WHAT YOU HAVE TO DO: Because the entries hold pictures, reproduce only their words, exactly as written.
BEGIN PROVIDED ENTRIES
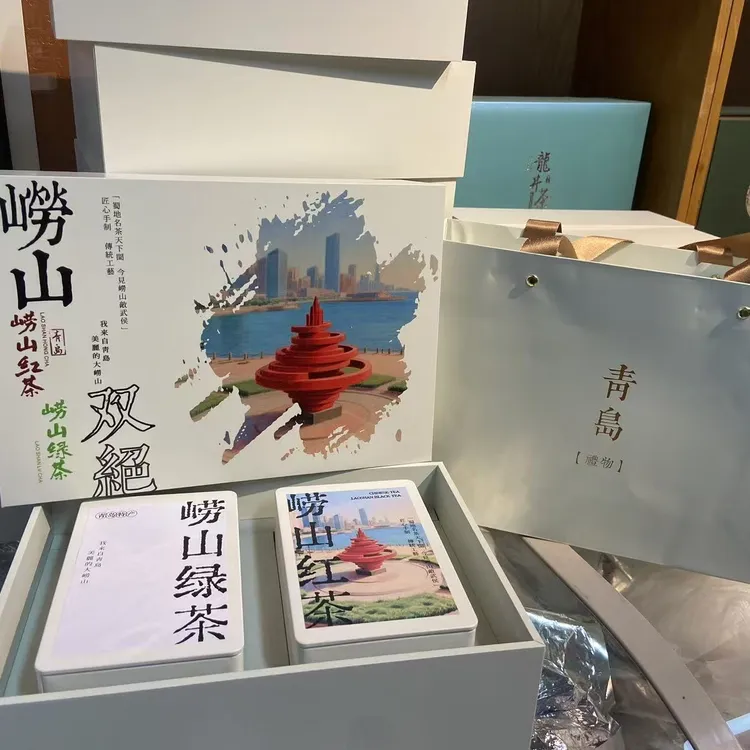 青岛特产崂山绿茶➕崂山红茶双拼礼盒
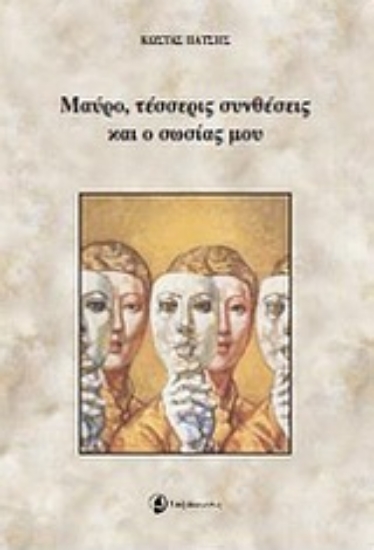 Εικόνα Μαύρο, τέσσερις αντιθέσεις και ο σωσίας μου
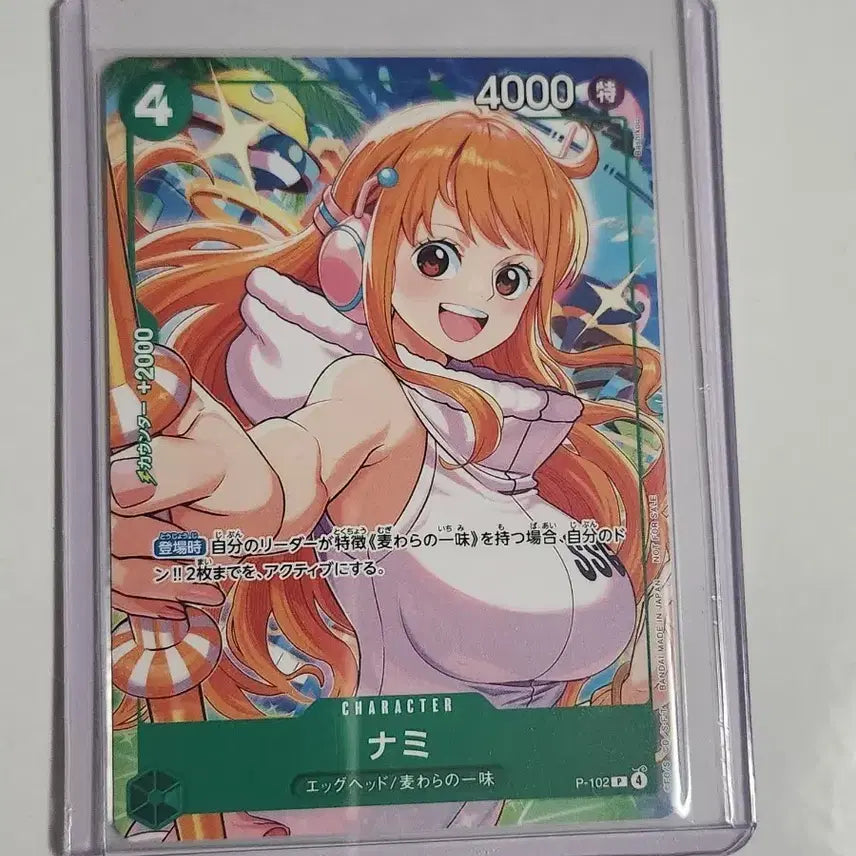 [BUNJANG] One Piece Nami McDonald&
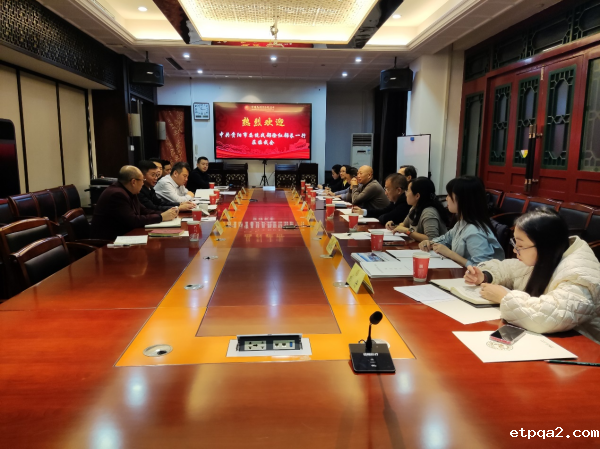 徐红率队到访中国民贸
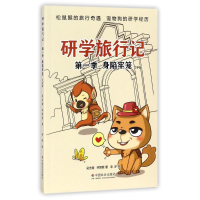 [M]身陷牢笼-9787508757933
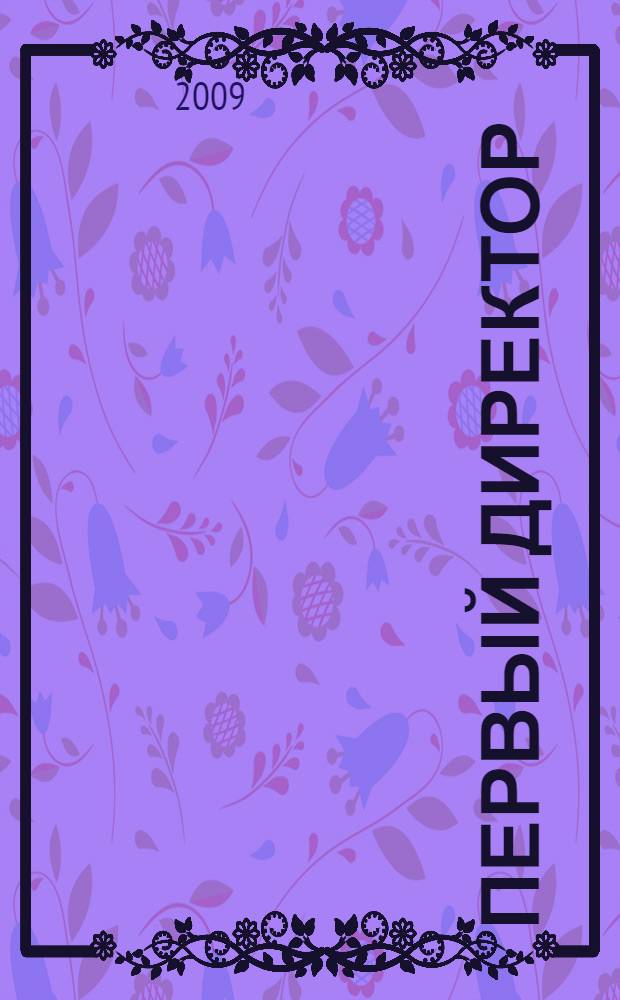 Первый директор
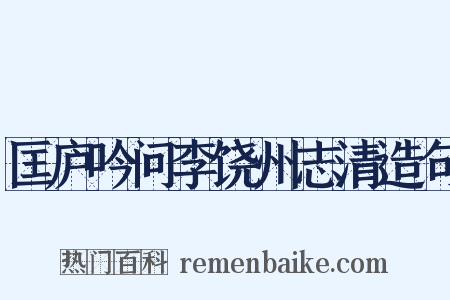 匡庐吟问李饶州志清造句是什么意思的图片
END PROVIDED ENTRIES
SOLUTION TO THE EXERCISE:
 青岛特产崂山绿茶➕崂山红茶双拼礼盒
 Εικόνα Μαύρο, τέσσερις αντιθέσεις και ο σωσίας μου
 [BUNJANG] One Piece Nami McDonald&
 徐红率队到访中国民贸
 [M]身陷牢笼-9787508757933
 Первый директор
 匡庐吟问李饶州志清造句是什么意思的图片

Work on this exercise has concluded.